During a one-day validation exercise of research findings on the effects of social norms on sexual harassment and corporal punishment in schools, held in Kaduna on May 24, 2023, Hadiza Umar, the Executive Director of H4CC, made a strong statement on the matter.
She highlighted various negative social norms that perpetuate these harmful practices, such as the belief that teachers and parents must physically discipline children as a sign of authority, regardless of the child’s behavior. Additionally, the culture of viewing rape cases as shameful to the victim’s family leads to the suppression of such incidents. Moreover, blaming the girl-child for gender-based violence and scrutinizing her attire when she becomes a victim further compounds the issue.
Hadiza described social norms as unwritten rules that shape acceptable and appropriate actions within a particular group or community, guiding human behavior. She emphasized that these norms increase the risk of sexual violence, shaping beliefs, attitudes, behaviors, and influencing the perception of acceptability within the larger society.

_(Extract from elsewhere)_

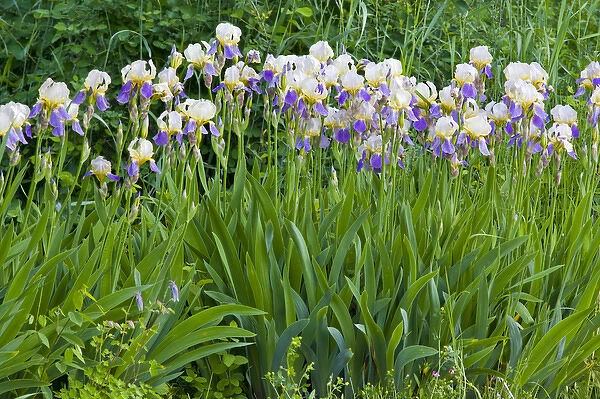 Iris flowers in full bloom in Whitefish Montana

Recognizing the significance of norms in shaping the likelihood of sexual violence and harassment, Hadiza stressed the need for change and effective strategies to address this grave issue.
H4CC initiated the research in 2021 in response to the alarming rate of sexual harassment in society. The research focused on five selected local government areas: Makarfi, Kaduna North, Kaduna South, Kajuru, and Kauru.
Mallam Isa Suleiman, an activist, spoke about the objectives of the study, which aimed to examine the nature and magnitude of the impact of social norms on sexual harassment and corporal punishment in selected schools in the state. The study provides valuable evidence on the effect of social norms on School Related Gender-Based Violence (SRGBV), seeking to understand the underlying norms that contribute to the high prevalence of such cases in schools, communities, and homes, and their detrimental effects on education outcomes.
Jeremiah Tera, a participant, highlighted that social norms encompass what individuals do, what they believe others do, and what they believe others approve of and expect them to do. He emphasized that social norms are shaped by the interplay between behavior, beliefs, and expectations.
Siddqat Shittu, another participant, added that social norms are learned and accepted from an early age, often during infancy, and are reinforced through social punishments for deviating from the norm, as well as social benefits for adherence.
It was observed that sexual harassment and corporal punishment in Kaduna schools are influenced by the prevailing social norms within the society.
Commending H4CC for its commendable work, Siddqat Shittu called on stakeholders to utilize the research findings to combat School Related Gender-Based Violence (SRGBV) effectively.